Hence the whole range of story-telling is included in the term mythology. Among Hawaiians the word for god akua is of indeterminate usage. Thus any object of nature may be a god; so may a dead body or a living person or a made image, if worshiped as a god. Every form of nature has its class god, who may become aumakua or guardian god of a family into which an offspring of the god is born, provided the family worship such an offspring with prayer and offerings. The name kupua is given to such a child of a god when it is born into the family as a human being.
The power of a kupua is limited to the district to which he belongs. In story he may be recognized by a transformation body in the form of animal or plant or other natural object belonging to him through his divine origin, and by more than natural powers through control over forms of nature which serve him because of family descent.
As a human being he is preternaturally strong and beautiful or ugly and terrible. The name comes from the word kupu as applied to a plant that sprouts from a parent stock, as in the word kupuna for an ancestor. So the word ohana, used to designate a family group, refers to the shoots oha which grow up about a rootstock. The terms akua, aumakua, and kupua are as a matter of fact interchangeable, their use depending upon the attitude of the worshiper. An akua may become an aumakua of a particular family.
A person may be represented in story as a kupua during his life and an aumakua if worshiped after death. A ghost lapu is called an akua lapu to designate those tricky spirits who frighten persons at night. Much that seems to us wildest fancy in Hawaiian story is to him a sober statement of fact as he interprets it through the interrelations of gods with nature and with man. Another philosophic concept comes out in his way of accommodating himself as an individual to the physical universe in which he finds himself placed.

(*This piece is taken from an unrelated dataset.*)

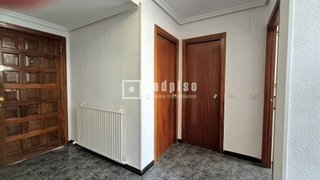 Casa adosada en venta en Sector 3 en Getafe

He arrives at an organized conception of form through the pairing of opposites, one depending upon the other to complete the whole. So ideas of night and day, light and darkness, male and female, land and water, rising and setting of the sun , small and large, little and big, hard and light of force , upright and prostrate of position , upward and downward, toward and away from the speaker appear paired in repeated reiteration as a stylistic element in composition of chants, and function also in everyday language, where one of a pair lies implicit whenever its opposite is used in reference to the speaker.
It determines the order of emergence in the so-called chant of creation, where from lower forms of life emerge offspring on a higher scale and water forms of life are paired with land forms until the period of the gods po is passed and the birth of the great gods and of mankind ushers in the era of light ao. It appears in the recitation by rote of genealogies in which husbands and wives are paired through literally hundreds of generations. It is notable that in similar genealogies such as the Hebrew, in which, as introduced by the missionaries, Hawaiians showed extraordinary interest, males alone are recorded.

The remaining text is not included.